From the Unesco WHS site:


> The Trans-Iranian Railway connects the Caspian Sea in the northeast with the Persian Gulf in the southwest crossing two mountain ranges as well as rivers, highlands, forests and plains, and four different climatic areas. Started in 1927 and completed in 1938, the 1,394-kilometre-long railway was designed and executed in a successful collaboration between the Iranian government and 43 construction contractors from many countries. The railway is notable for its scale and the engineering works it required to overcome steep routes and other difficulties. Its construction involved extensive mountain cutting in some areas, while the rugged terrain in others dictated the construction of 174 large bridges, 186 small bridges and 224 tunnels, including 11 spiral tunnels.


The gallery, from the same site, is worth visiting for stunning photos of the line.


----------



## WWW (Aug 15, 2021)

More to read on the Iranian RR -
Interesting what other countries have for railroads - 

The Trans-Iranian Railway: An engineering marvel (msn.com) 

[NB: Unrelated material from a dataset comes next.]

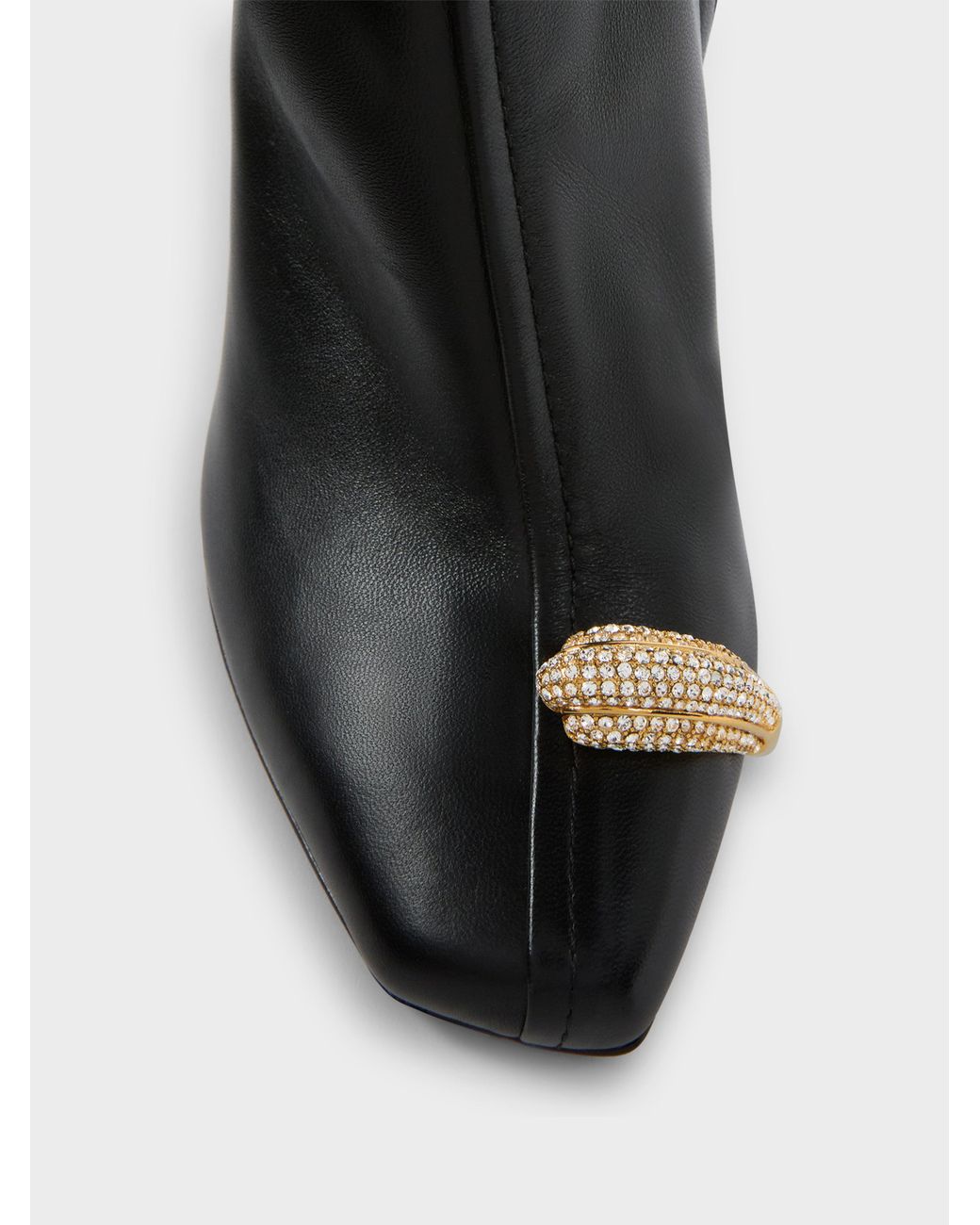 Giuseppe Zanotti White Enigme Bootie 105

A sort of Swiss Alps RR in the desert mountains 
Wonder if the passengers are still riding the roofs hanging on for dear life ? LOL !


----------



## Ziv (Aug 15, 2021)

When they casually mention that the engineers had to plan out the use of spiral tunnels to gain height, I was enthralled. I remember that the Canadians had done something similar while building a rail line in the Rockies. That is some difficult territory to cover! The photos of the Iranian countryside are pretty impressive, too.


----------



## mcropod (Sep 9, 2021)

caravanman said:


> From the Unesco WHS site:
> 
> The gallery, from the same site, is worth visiting for stunning photos of the line.



If ever we get to depart Oz again (and are allowed to return), I'm ready to take some trains in that part of the world. It'd also be good if the USA could get over its snit with Iran and stop preventing our banks doing business in Iran so we can use our credit cards for purchases.


----------